Frank Rich begins his latest with a reference to JFK:
"If, as J.F.K. had it, victory has a hundred fathers and defeat is an orphan ..."
Sometimes it seems like people attribute things to JFK without having checked out the source. Some Googling does the trick: JFK might have gotten the line from, of all people, Mussolini's son-in-law Count Galeazzo Ciano (1903-1944): La victoria trova cento padri, a nessuno vuole riconoscere l'insuccesso (1942), The Ciano Diaries, 1939-1943, Vol. 2. (I don't speak Italian, so I am just trusting that that is correct.
But from there the above link takes us to Tacitus, Agricola, 27: "It is the singularly unfair peculiarity of war that the credit of success is claimed by all, while a disaster is attributed to one alone." Here's the Latin (supposedly), for those of you who learned it: "inquissima haec bellorum condicio est: prospera omnes sibi indicant, aduersa uni imputantur."

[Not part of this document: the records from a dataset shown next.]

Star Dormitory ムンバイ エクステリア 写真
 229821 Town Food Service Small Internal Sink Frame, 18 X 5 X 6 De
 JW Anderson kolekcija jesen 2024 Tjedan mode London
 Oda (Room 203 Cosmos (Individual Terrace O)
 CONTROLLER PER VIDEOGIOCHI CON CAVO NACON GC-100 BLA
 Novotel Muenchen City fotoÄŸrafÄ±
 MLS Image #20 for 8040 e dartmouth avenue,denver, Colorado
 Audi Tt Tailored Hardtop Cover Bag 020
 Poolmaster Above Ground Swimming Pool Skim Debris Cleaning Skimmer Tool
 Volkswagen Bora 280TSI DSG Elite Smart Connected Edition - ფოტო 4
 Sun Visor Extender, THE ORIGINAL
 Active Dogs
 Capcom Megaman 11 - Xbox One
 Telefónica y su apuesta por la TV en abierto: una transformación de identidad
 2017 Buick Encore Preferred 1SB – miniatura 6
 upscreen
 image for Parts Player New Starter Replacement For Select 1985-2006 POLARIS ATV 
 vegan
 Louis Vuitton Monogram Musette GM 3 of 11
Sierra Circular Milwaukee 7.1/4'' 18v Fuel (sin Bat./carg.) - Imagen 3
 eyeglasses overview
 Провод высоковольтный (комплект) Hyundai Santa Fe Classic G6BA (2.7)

As is so often the case, the general moral of the story is that whoever is supposed to have said it might well have not been the first to do so. Further, the Greeks and Romans already said everything, and what they did not say is covered by some ancient Chinese proverb or tribal African saying (which has more moral authority these days than anything said by the Greeks and Romans, those DWEMs).
And finally, JFK may have said, but he stole it, too. Why can't Frank Rich do the few seconds of work that I did, and get his source right? Or, alternatively, refer to a poet? :-)
Coda: It's perhaps also worth noting that the Agricola is about Tacitus's father-in-law, so it might well be as self-serving as anything by George Tenet.